→ **Work instructions**
Everything from the line that contains "DVD] 明日の光をつかめ ~2013 夏~ 日本現代ドラマ 韓国ドラマDVDの激安通販" through the last line below should be transcribed exactly, except the pictures.

→ **Data excerpts**
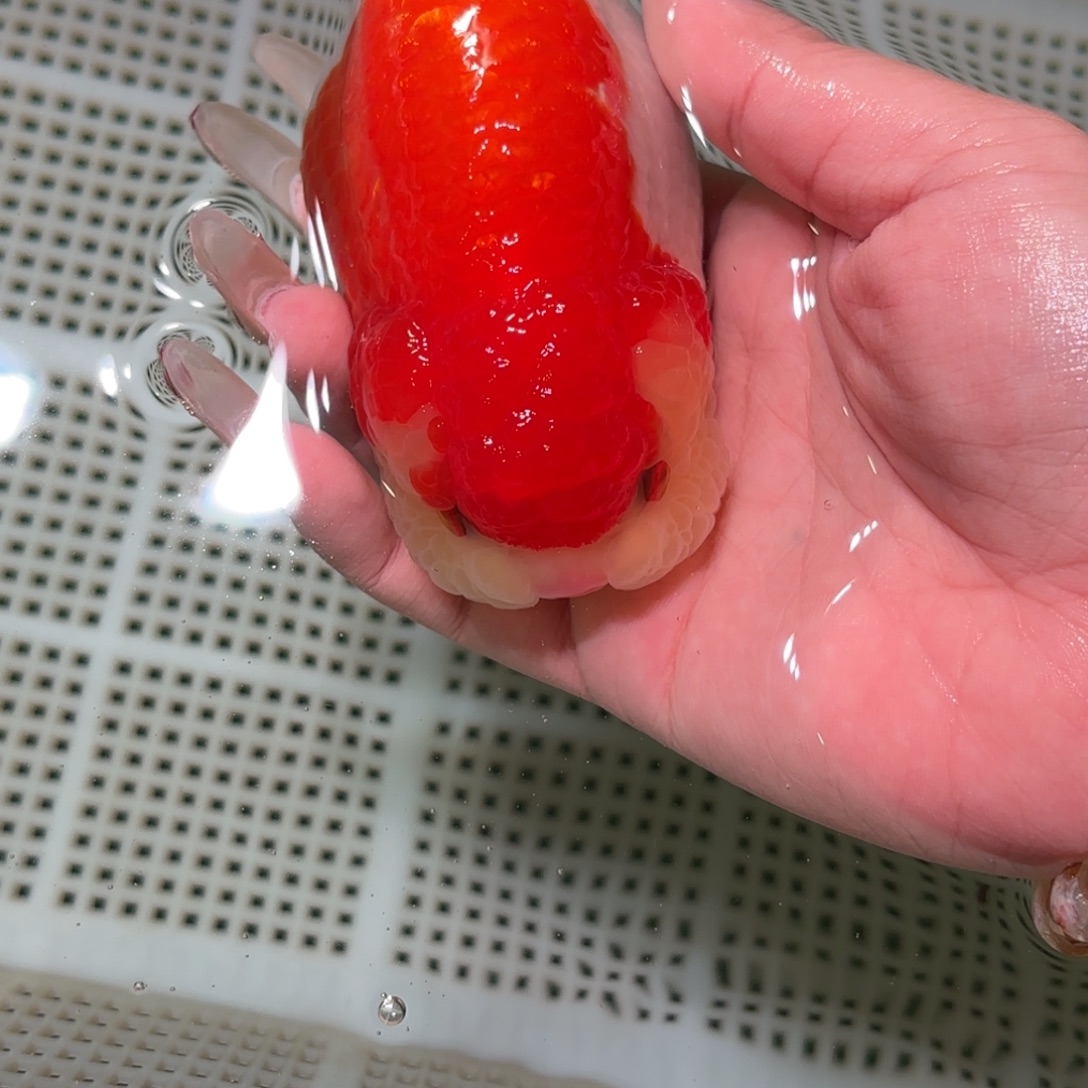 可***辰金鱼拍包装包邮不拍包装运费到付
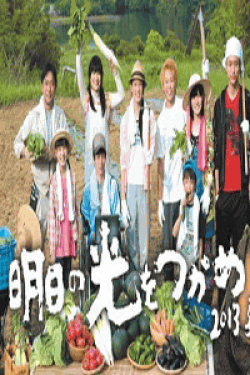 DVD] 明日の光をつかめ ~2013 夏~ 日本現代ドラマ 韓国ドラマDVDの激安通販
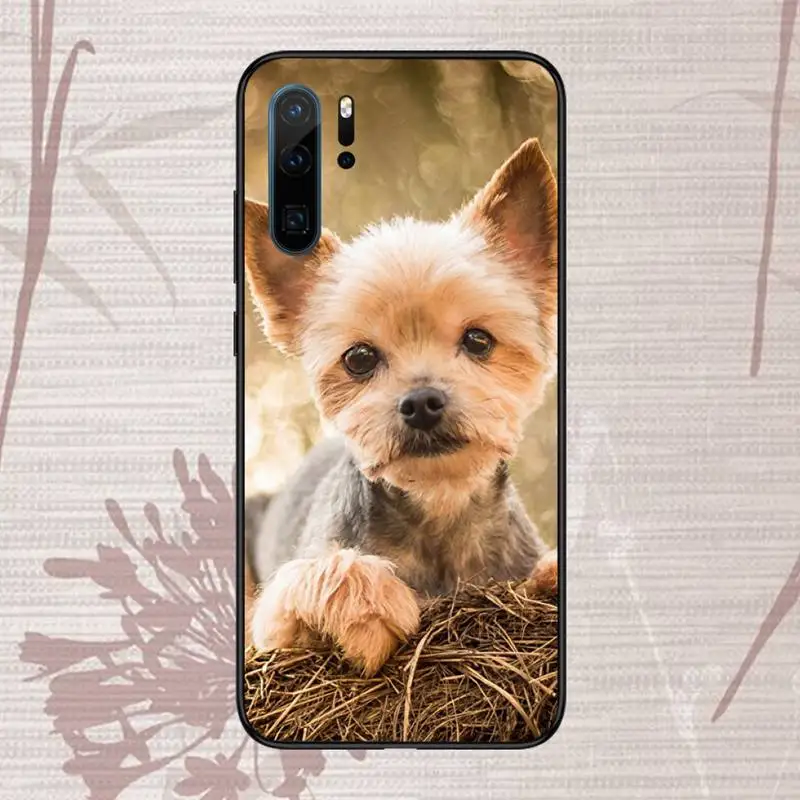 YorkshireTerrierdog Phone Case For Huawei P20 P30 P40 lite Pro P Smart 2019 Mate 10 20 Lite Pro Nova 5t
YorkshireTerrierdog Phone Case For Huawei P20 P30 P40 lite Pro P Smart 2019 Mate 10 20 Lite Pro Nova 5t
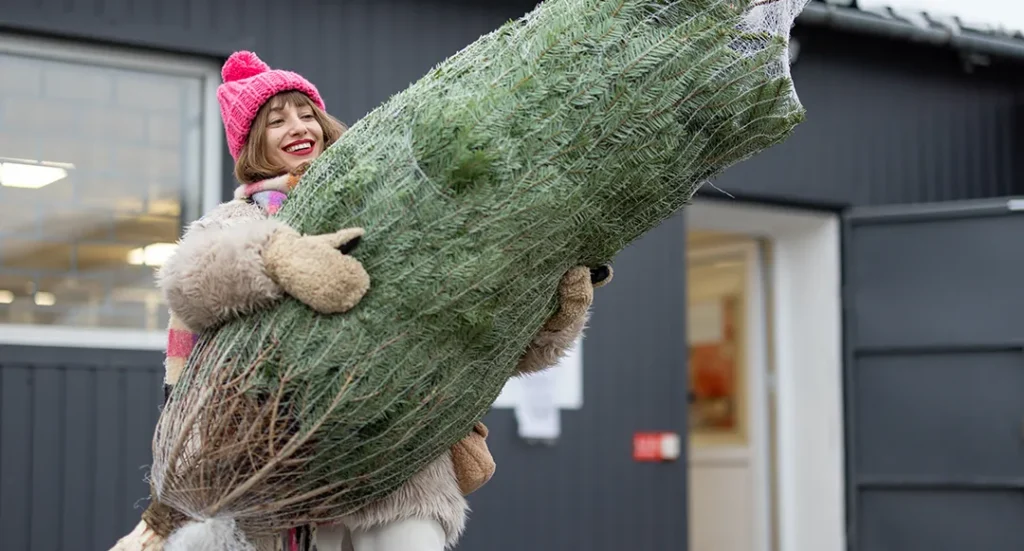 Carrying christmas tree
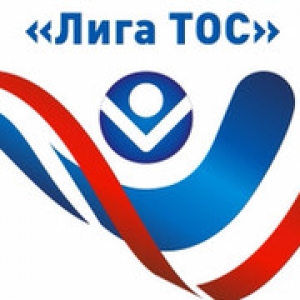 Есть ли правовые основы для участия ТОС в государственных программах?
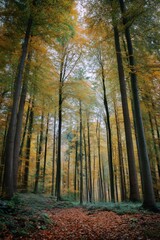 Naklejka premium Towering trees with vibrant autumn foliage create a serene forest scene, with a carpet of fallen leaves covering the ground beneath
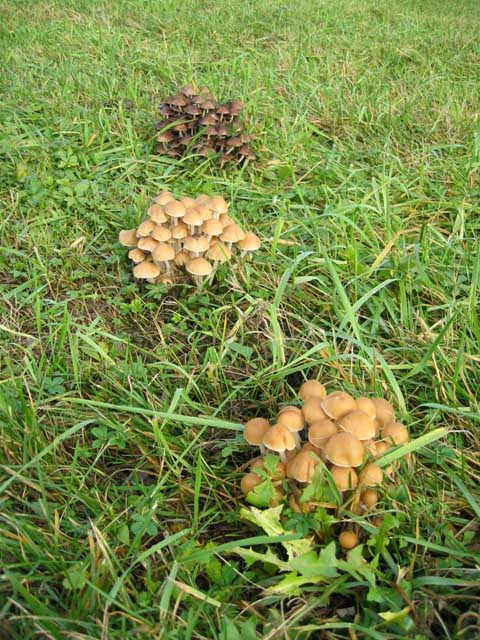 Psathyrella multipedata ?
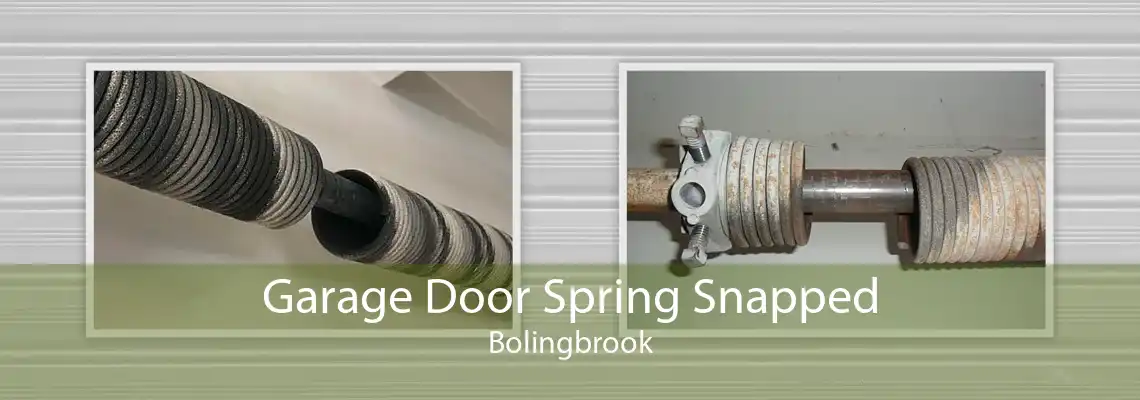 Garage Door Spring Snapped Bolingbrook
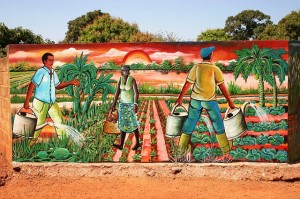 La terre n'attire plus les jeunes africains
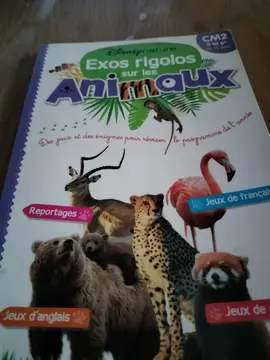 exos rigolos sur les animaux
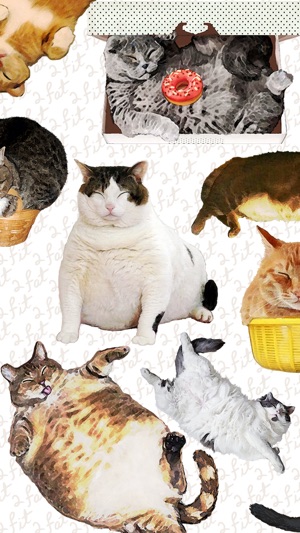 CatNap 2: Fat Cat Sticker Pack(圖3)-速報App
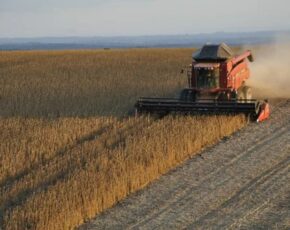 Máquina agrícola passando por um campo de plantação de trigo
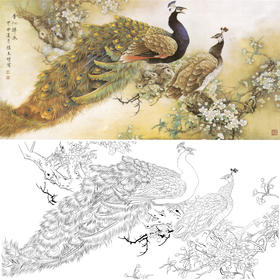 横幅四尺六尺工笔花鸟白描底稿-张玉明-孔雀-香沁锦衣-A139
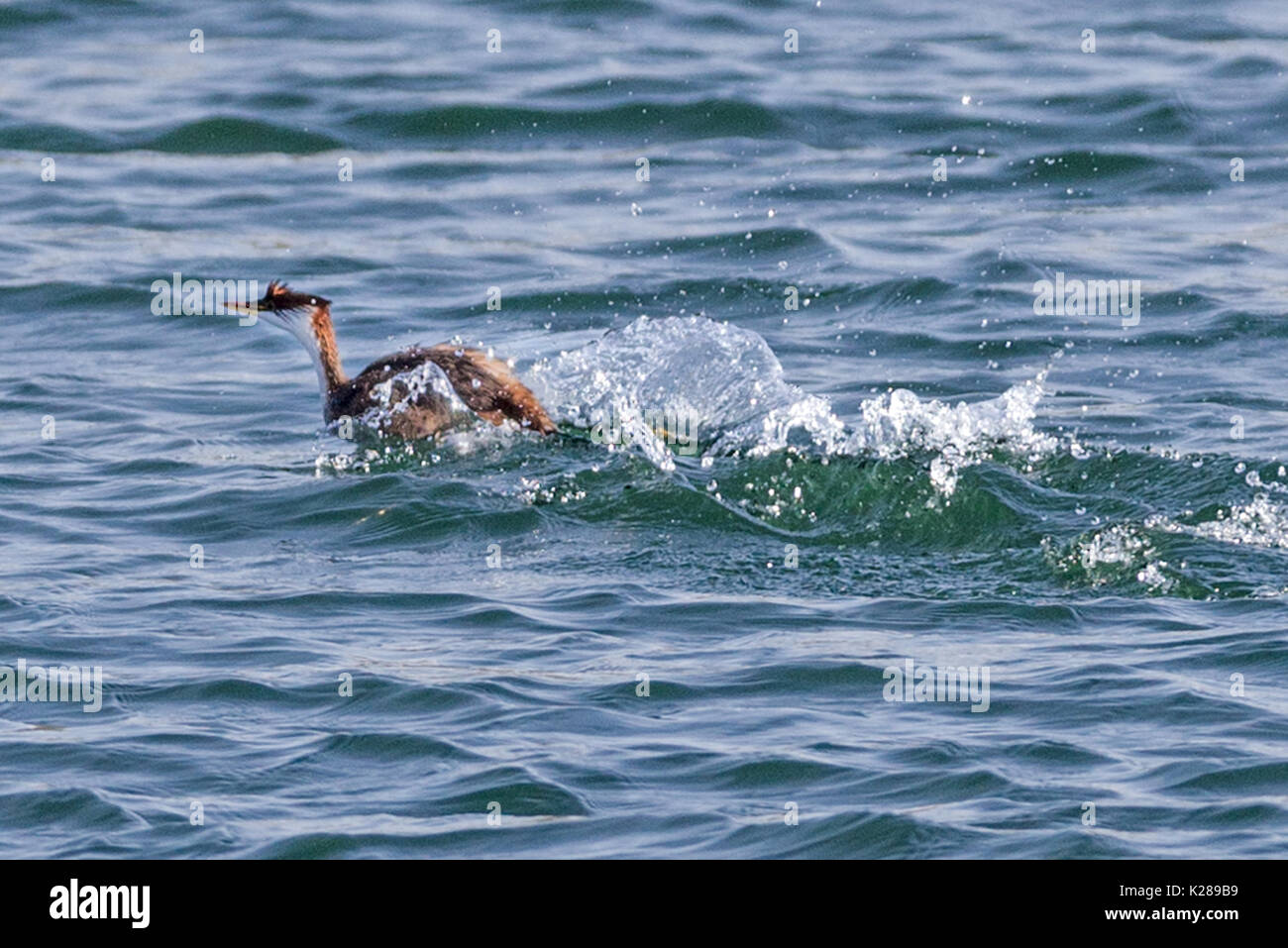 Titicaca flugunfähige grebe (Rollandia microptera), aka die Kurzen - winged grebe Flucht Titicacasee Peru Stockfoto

→ **Answer to this task**
 DVD] 明日の光をつかめ ~2013 夏~ 日本現代ドラマ 韓国ドラマDVDの激安通販
 YorkshireTerrierdog Phone Case For Huawei P20 P30 P40 lite Pro P Smart 2019 Mate 10 20 Lite Pro Nova 5t
YorkshireTerrierdog Phone Case For Huawei P20 P30 P40 lite Pro P Smart 2019 Mate 10 20 Lite Pro Nova 5t
 Carrying christmas tree
 Есть ли правовые основы для участия ТОС в государственных программах?
 Naklejka premium Towering trees with vibrant autumn foliage create a serene forest scene, with a carpet of fallen leaves covering the ground beneath
 Psathyrella multipedata ?
 Garage Door Spring Snapped Bolingbrook
 La terre n'attire plus les jeunes africains
 exos rigolos sur les animaux
 CatNap 2: Fat Cat Sticker Pack(圖3)-速報App
 Máquina agrícola passando por um campo de plantação de trigo
 横幅四尺六尺工笔花鸟白描底稿-张玉明-孔雀-香沁锦衣-A139
 Titicaca flugunfähige grebe (Rollandia microptera), aka die Kurzen - winged grebe Flucht Titicacasee Peru Stockfoto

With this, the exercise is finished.